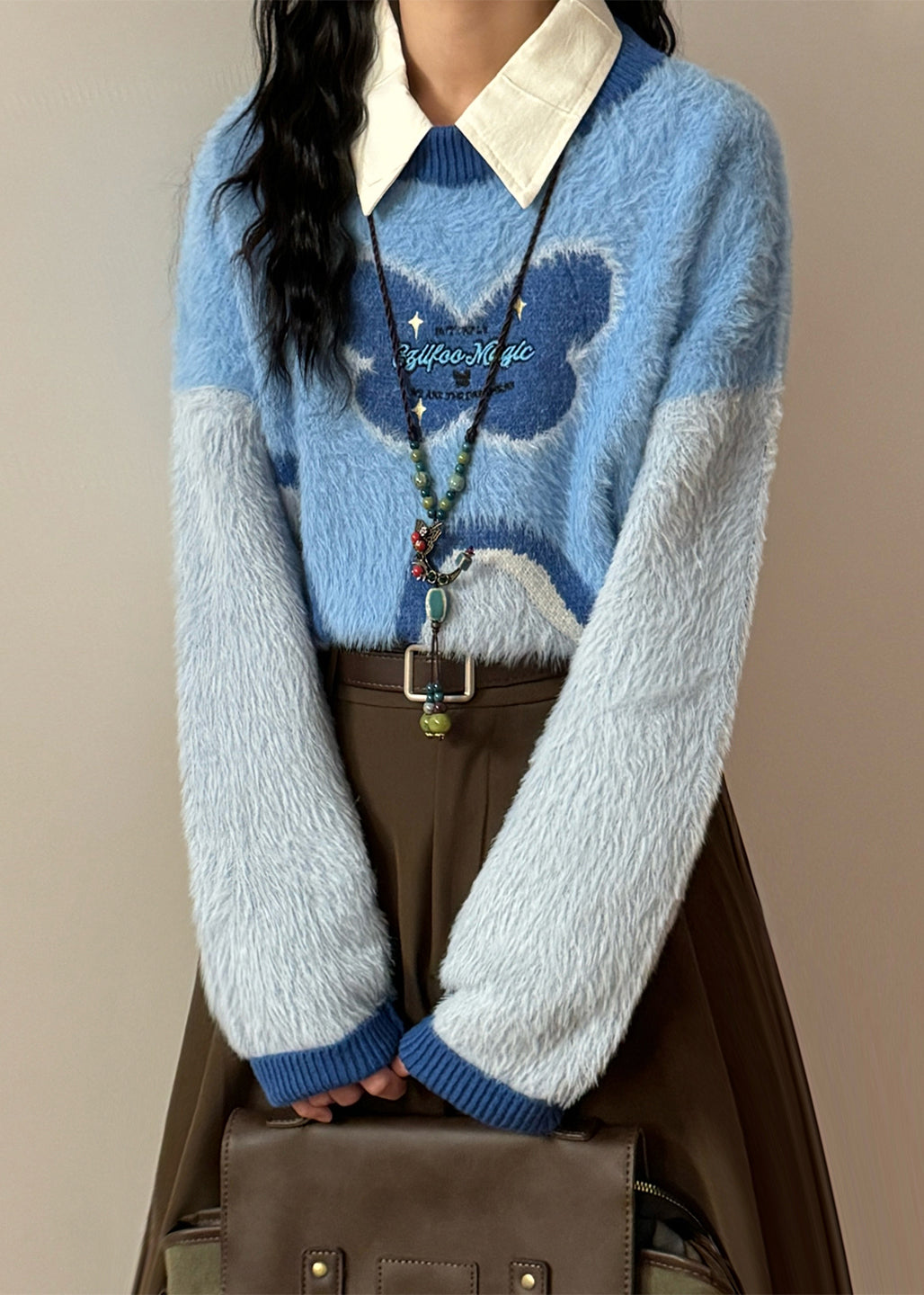 Chic Blue Asymmetrical Fluffy Patchwork Knit Sweaters
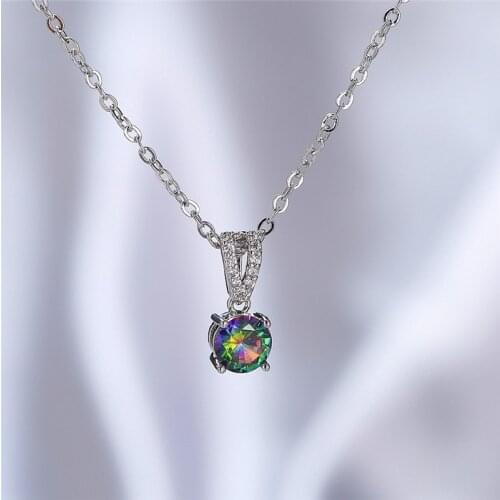 Dainty Female Purple Pendant Necklace Cute Rainbow Chain Necklaces For Women Round Crystal Stone Wedding Necklace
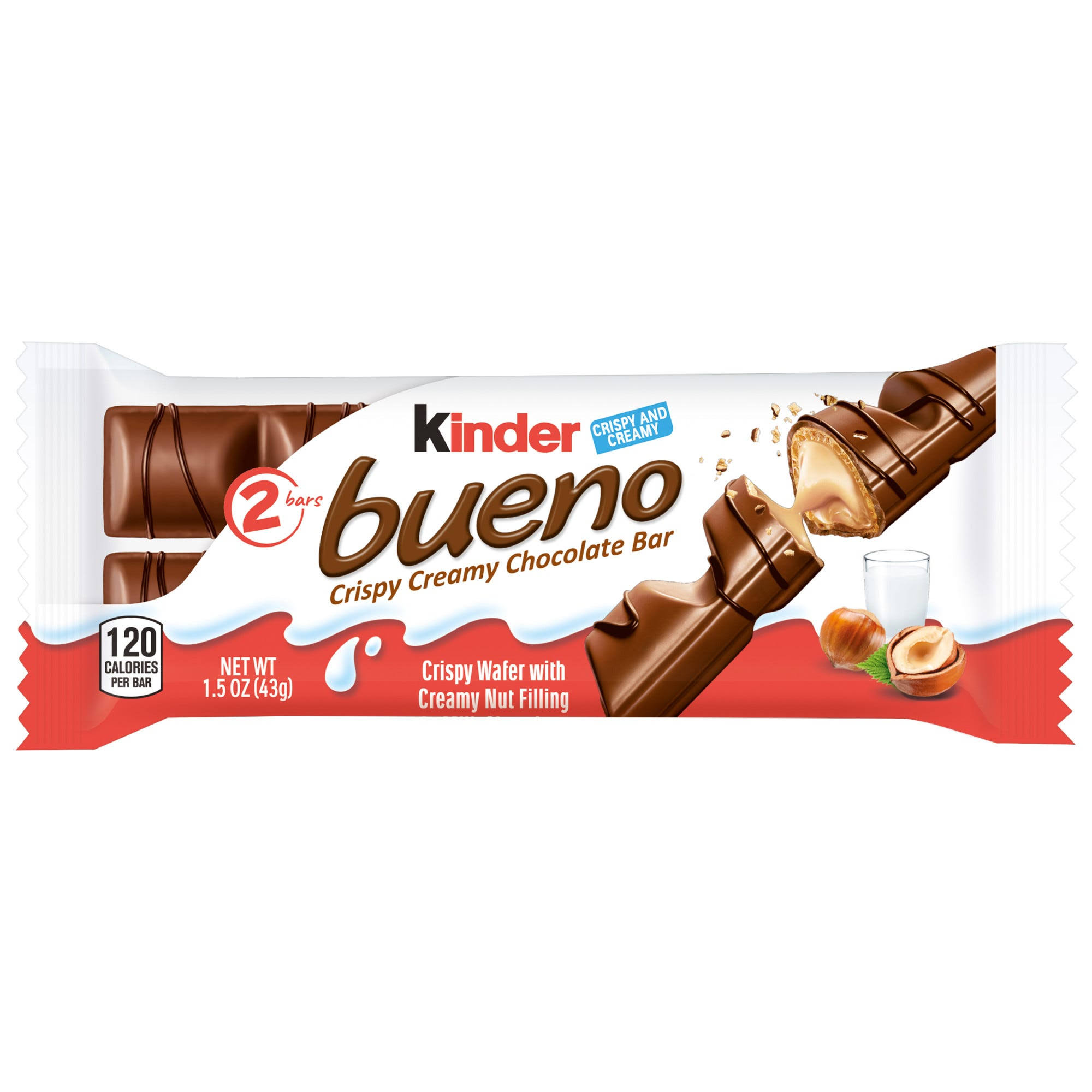 Kinder bueno milk chocolate and hazelnut cream candy bar pack, 1.5 oz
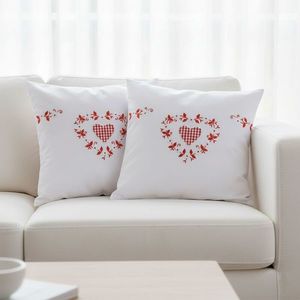 Návlek na polštář, Vintage srdce, bílý, 40 x 40 cm obraz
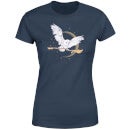 Harry Potter Hedwig Broom Women's T-Shirt - Navy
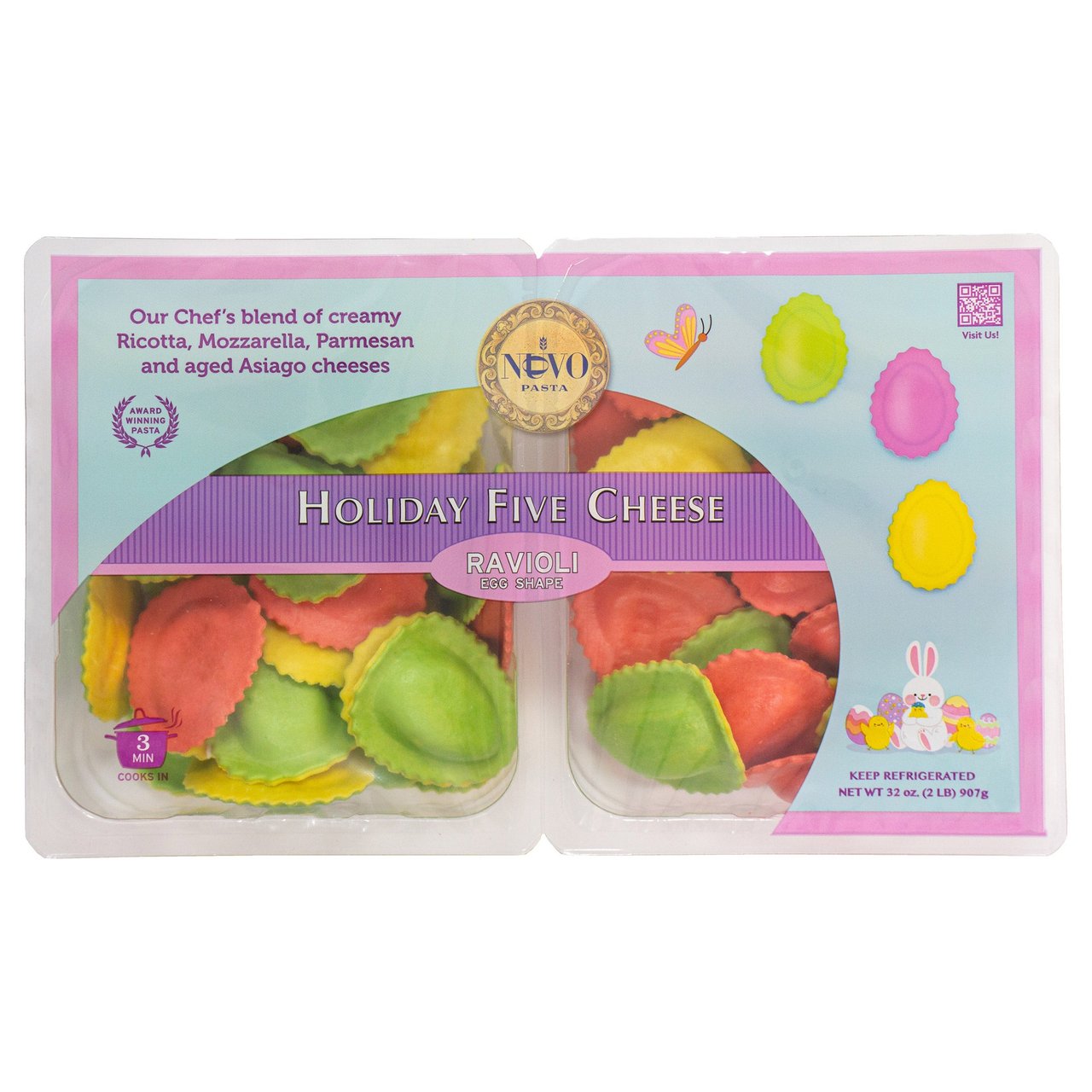 Nuovo Pasta Holiday Five Cheese Egg Shape Ravioli, 2 x 16 oz - Image 1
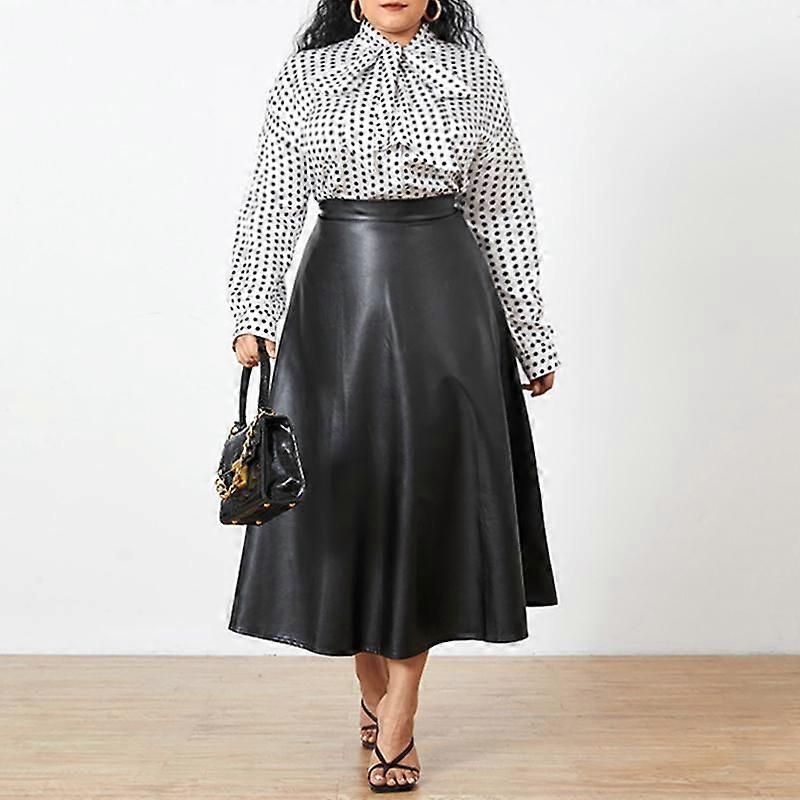 Spring Women's Fashion Faux Leather Big Swing Long Skirt High Waist Pleated Solid Color Casual Loose Maxi Skirts Plus Size Celmia FZH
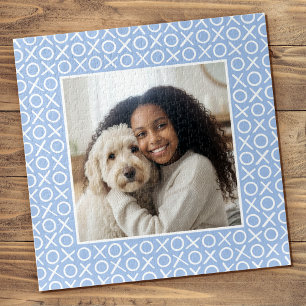 XOXO Hugs & Kisses Custom Photo Blue Modern Jigsaw Puzzle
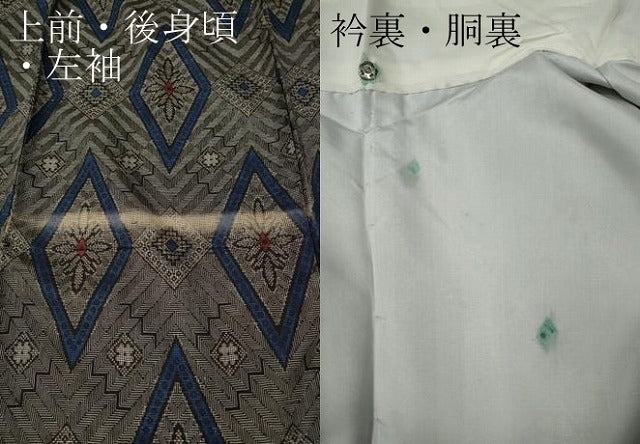 平和屋着物●本場大島紬　龍郷絣　菱花文　正絹　逸品　CABE6871ut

========================

■ Task to complete
Reproduce verbatim the opening line of the material and every line after it, up to and including the line with "Nuovo Pasta Holiday", but no pictures.

■ Response area
 Chic Blue Asymmetrical Fluffy Patchwork Knit Sweaters
 Dainty Female Purple Pendant Necklace Cute Rainbow Chain Necklaces For Women Round Crystal Stone Wedding Necklace
 Kinder bueno milk chocolate and hazelnut cream candy bar pack, 1.5 oz
 Návlek na polštář, Vintage srdce, bílý, 40 x 40 cm obraz
 Harry Potter Hedwig Broom Women's T-Shirt - Navy
 Nuovo Pasta Holiday Five Cheese Egg Shape Ravioli, 2 x 16 oz - Image 1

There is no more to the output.